Data items
Start of Block

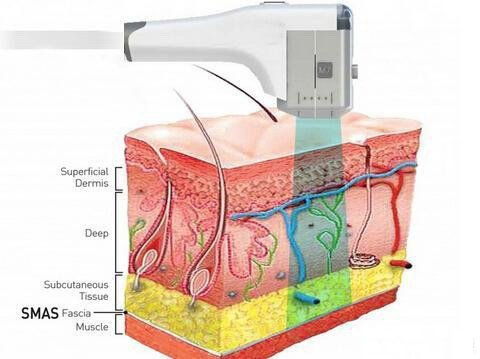超声刀作用原理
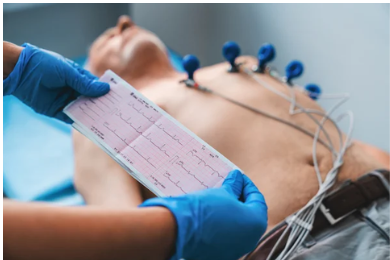 ELECTROCARDIOGRAM (ECG / EKG)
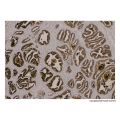 Recombinant Prostate Specific Antigen Antibody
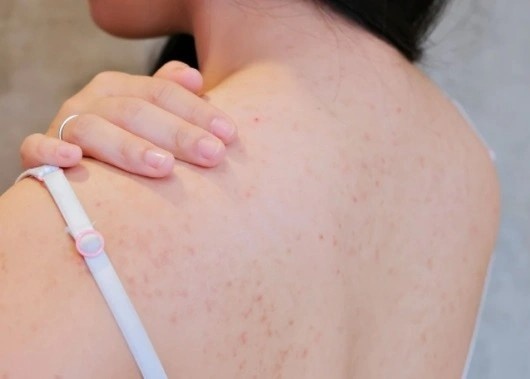 Ngo doc thuoc gay te, suyt tu vong vi tri mun lung tai spa hinh anh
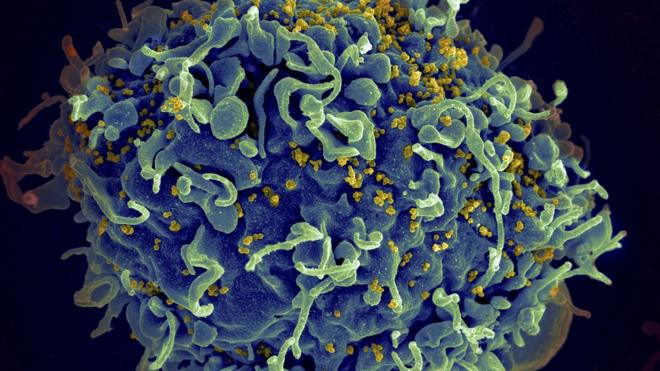 Micrografia eletrônica mostra HIV infectando célula humana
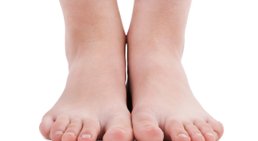 Hallux valgus -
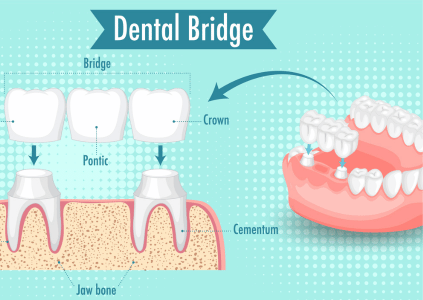 Dental crowns and bridges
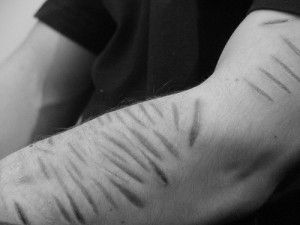 ... that there is an alarming rise in the number of people self harming
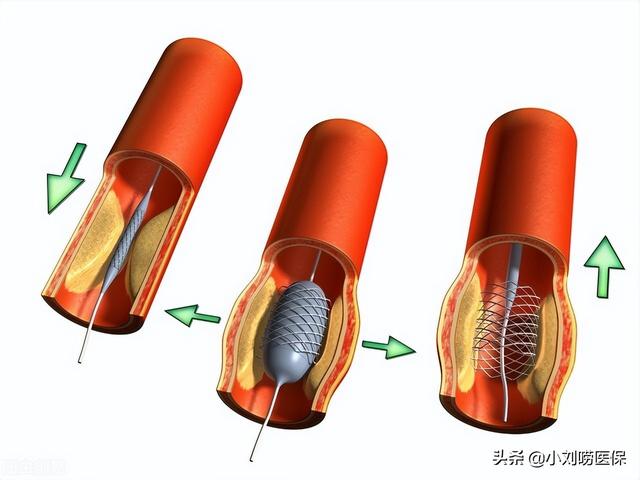 做心脏支架的费用清单，心脏支架从1.3万降到了700元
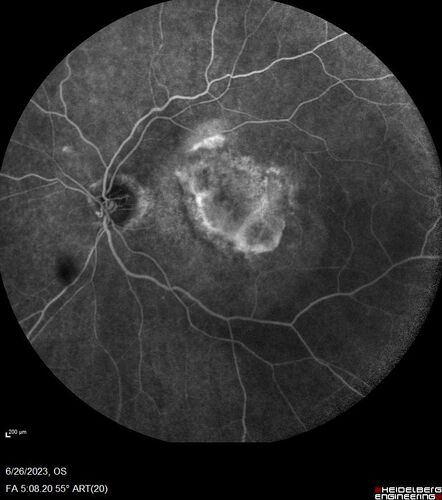 CRVO with severe capillary non-perfusion
95 year old female 2-3 days of severe vision loss in the right eye.
The left eye lost vision to wet AMD after having a 8 month gap in therapy between 1/2020 (VA 20/50 OU) and 9/2020 (VA 20/25 OD, HM OS - COVID).  
PMHx: DM (on no medications), Thyroid
Meds: Artificial tears
VA HM OU
IOP: 18,19
Anterior segment: no rubeosis, pseudophakic
images look like vision loss was more than a few days in the right eye.
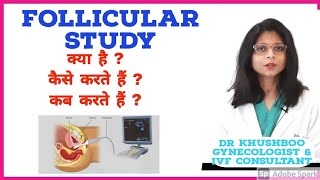 Follicular Study क्या होती है Hindi  Dr Khushboo  Mannat IVF Patna [upl. by Aerdnahs]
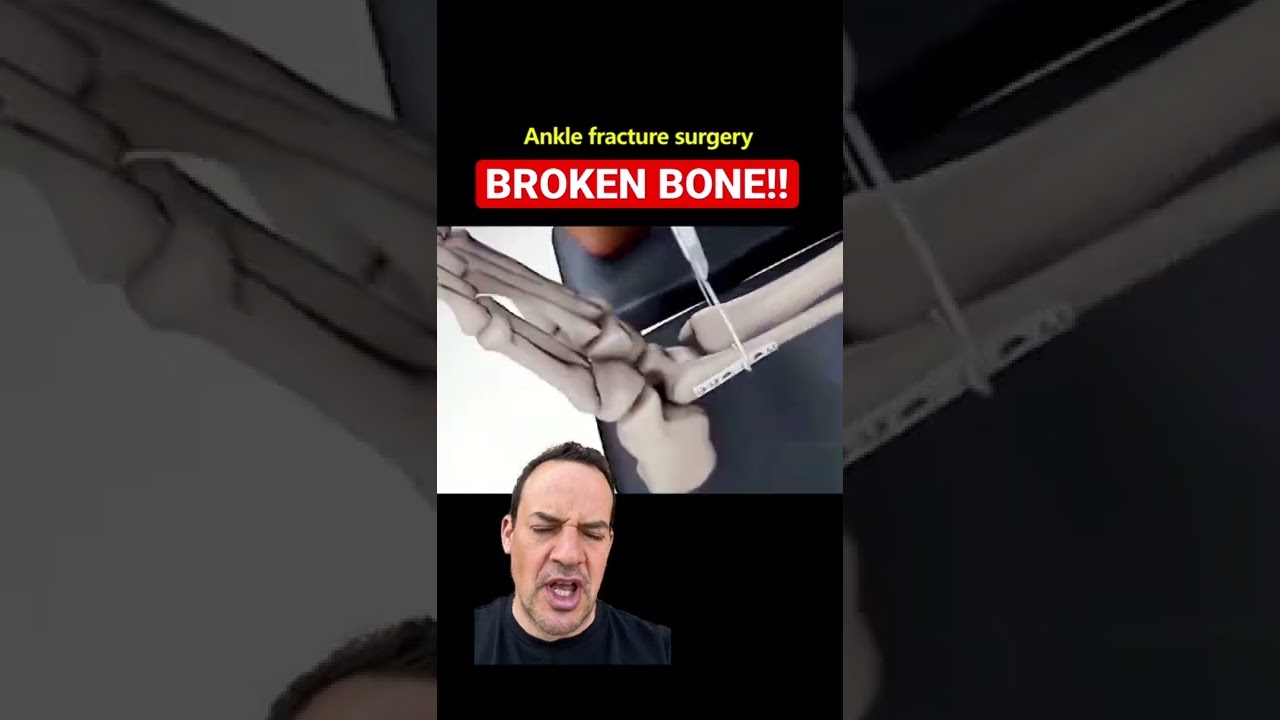 HOW TO FIX A BROKEN ANKLE!!😱 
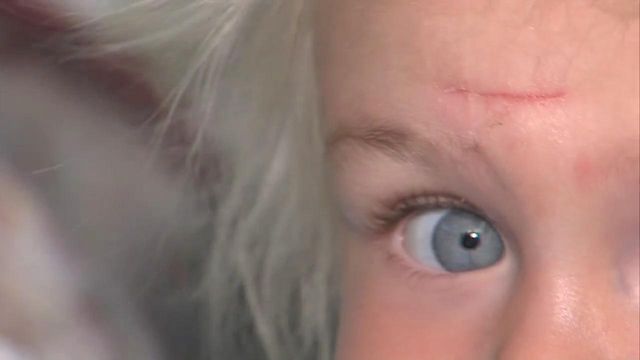 How to Know if My Child Needs Stitches - Elite Hospital Kingwood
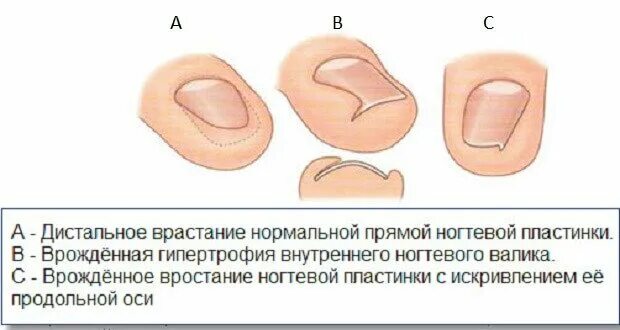 Ноготь в рос что делать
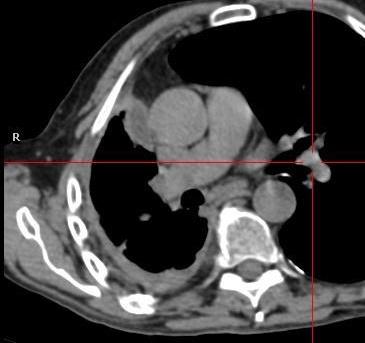 extra-thoracic lymphadenopathy and metastatic disease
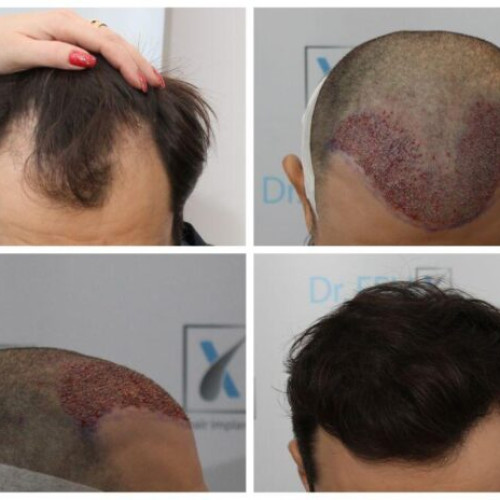 rezultate naturale și durabile cu implantul de păr la clinica dr. felix hair implant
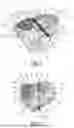 Fig. 02 - SURGICAL INSTRUMENT TO IMPLANT PRIMARY AND SECONDARY ELEMENTS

End of Block

» **Aim of the exercise**
Your answer must be every record above, word for word, with no pictures.

» **Response area**
超声刀作用原理
 ELECTROCARDIOGRAM (ECG / EKG)
 Recombinant Prostate Specific Antigen Antibody
 Ngo doc thuoc gay te, suyt tu vong vi tri mun lung tai spa hinh anh
 Micrografia eletrônica mostra HIV infectando célula humana
 Hallux valgus -
 Dental crowns and bridges
 ... that there is an alarming rise in the number of people self harming
 做心脏支架的费用清单，心脏支架从1.3万降到了700元
 CRVO with severe capillary non-perfusion
95 year old female 2-3 days of severe vision loss in the right eye.
The left eye lost vision to wet AMD after having a 8 month gap in therapy between 1/2020 (VA 20/50 OU) and 9/2020 (VA 20/25 OD, HM OS - COVID).  
PMHx: DM (on no medications), Thyroid
Meds: Artificial tears
VA HM OU
IOP: 18,19
Anterior segment: no rubeosis, pseudophakic
images look like vision loss was more than a few days in the right eye.
 Follicular Study क्या होती है Hindi  Dr Khushboo  Mannat IVF Patna [upl. by Aerdnahs]
 HOW TO FIX A BROKEN ANKLE!!😱 
 How to Know if My Child Needs Stitches - Elite Hospital Kingwood
 Ноготь в рос что делать
 extra-thoracic lymphadenopathy and metastatic disease
 rezultate naturale și durabile cu implantul de păr la clinica dr. felix hair implant
 Fig. 02 - SURGICAL INSTRUMENT TO IMPLANT PRIMARY AND SECONDARY ELEMENTS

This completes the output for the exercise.